The ever-increasing chip transistor counts allow us to integrate complex systems on a single chip. When such chips are offered for sale, they're typically accompanied by a data sheet hefty enough to choke a horse.
Although every nuance covered in a data sheet may not be necessary for a chip to do its job, the amount of data that a designer must absorb to make the chip (and system) work is almost like cramming for the final exam to a class rarely attended. In a complex multichip system, the learning process must happen repeatedly as each chip or ASIC has to be integrated into the system architecture. The large amount of time devoted to just learning how the chips operate could impact development cycles unless the chip suppliers can provide early customer access to the functional details.
But simply getting a chip to operate in its basic modes typically isn't enough. The challenge is making it do more so that you can differentiate your solution. Often, by working hand in hand with manufacturer application support, you can get the chip up and running in some of its more advanced modes much quicker than by only studying the data sheet. Vendors can also help by providing libraries of sample software, development boards, and links to partner support from suppliers of tools such as compilers, debuggers, application software, and much more.

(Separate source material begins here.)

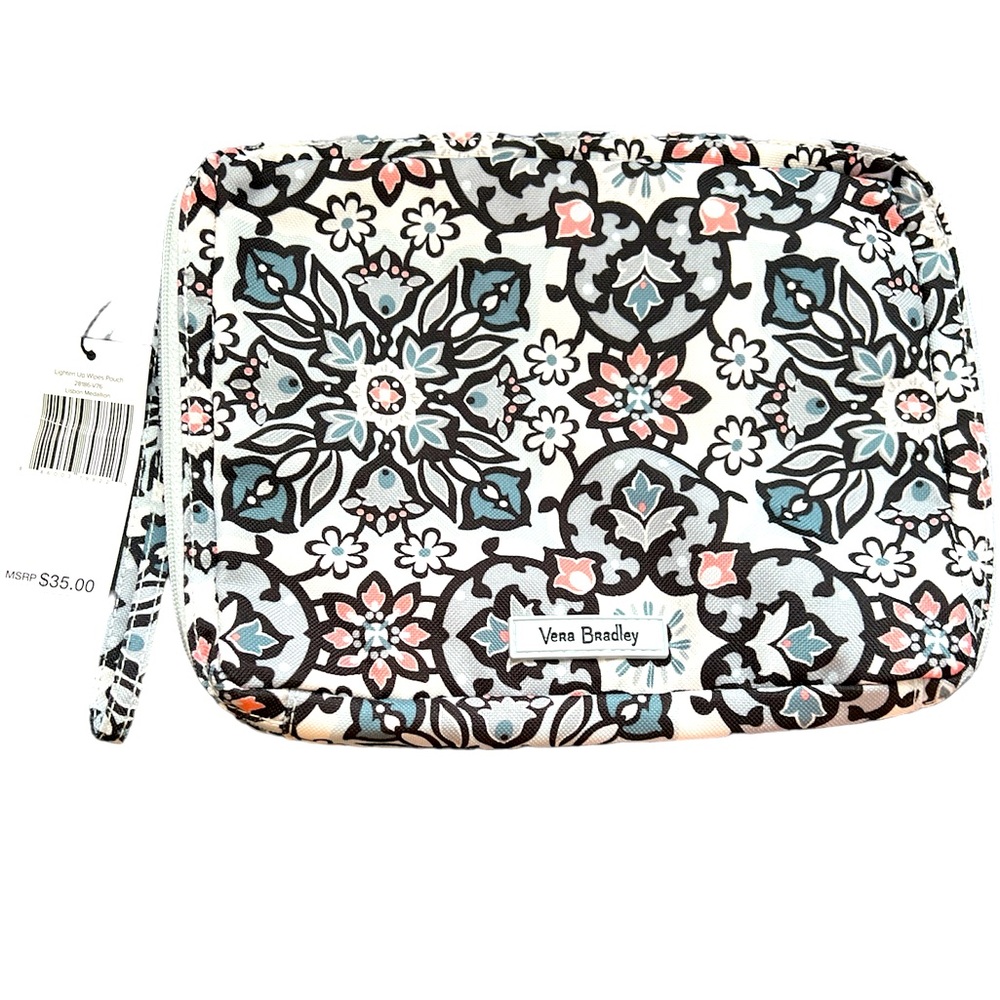 Vera Bradley - NWT Lisbon Medallion Pouch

Once the basic operation is stable, then come the two dreaded words—enhancements and optimizations. To accomplish these tasks requires a deeper understanding of the chips, their architecture, and the command structure or instruction set. Many times, the chip vendors will offer training classes to indoctrinate designers and explain all the fine points of the device's operating modes and register settings. But then the challenge comes—applying all of that information to a particular system implementation to maximize performance or add specialized features that give your application or customers extra value.

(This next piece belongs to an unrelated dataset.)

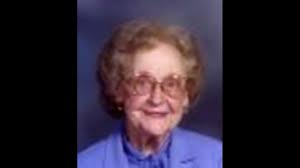 Daughter of Civil War soldier dies in Findlay at 103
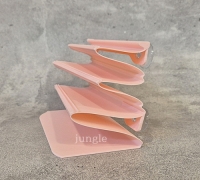 햄달 크레스티드게코 아파트 은신처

Here patience and perseverance must combine forces for the design to succeed. Many of the new controller chips contain hundreds to over a thousand registers that configure the chip to handle the various tasks. Although data sheets may say one thing, very often there could be idiosyncrasies not caught by manufacturers before producing the chip. Data dependencies or particular operation sequences in which a register wasn't properly set or cleared are examples. So even though you followed the data sheet model to a T, if the model has flaws, your system won't work. Troubleshooting these nonobvious problems probably presents some of the most time-consuming challenges when bringing up a new system.
The modeling challenge won't get any easier in the future. Still more-complex chip designs are on the drawing boards, many of which will contain multiple processors and other complex function blocks that all have to work in unison. Software will also play a more important role by allowing designers to add new features and differentiate their systems.

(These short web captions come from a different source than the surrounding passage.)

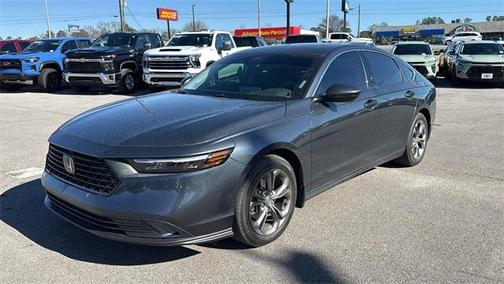 2023 Honda Accord EX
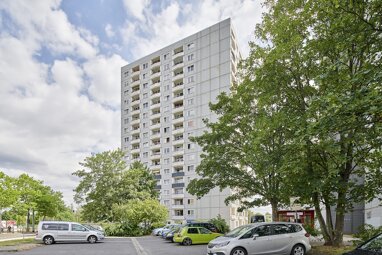 Wohnung zur Miete 398 € 2 Zimmer 42,9 m² 2. Geschoss Albert-Wolf-Platz 2 Prohlis-Süd (Spremberger Str.) Dresden 01239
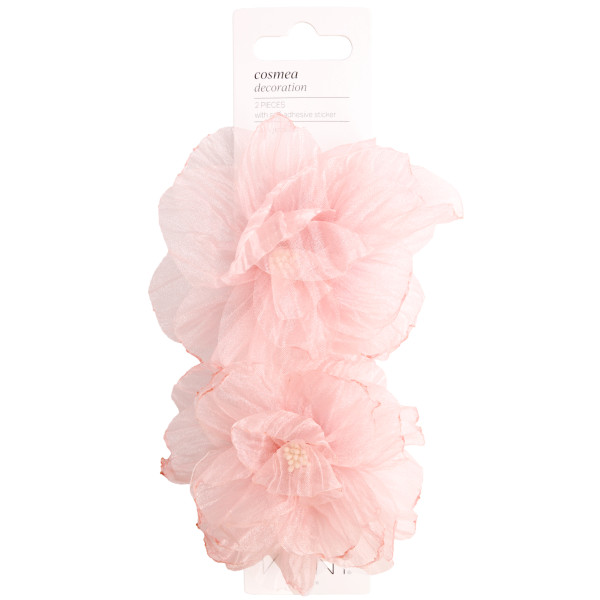 Deko COSMEA Ø9cm Set 2 Stück pink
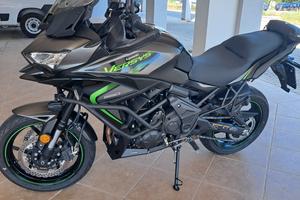 Kawasaki Versys 650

Manufacturers of the complex chips must be able to craft good software models of the register control structure, then make them available to designers long before silicon is delivered. Early delivery of design models and software tools enable system software development to start well before the hardware implementation. This will be key in most systems as software has become a larger percentage than hardware of most designs.
Will future systems tilt even further toward software-based solutions? This could lead to a targeted, yet "universal," programmable system-on-a-chip platform that would allow designers to very quickly bring applications to market. Already some FPGAs are starting to take on some of these platform characteristics as they embed multiple high-performance CPUs and other functions. Ultimately, there could be a new design discipline that's much more software centric than hardware centric. All signs certainly seem to be pointing that way.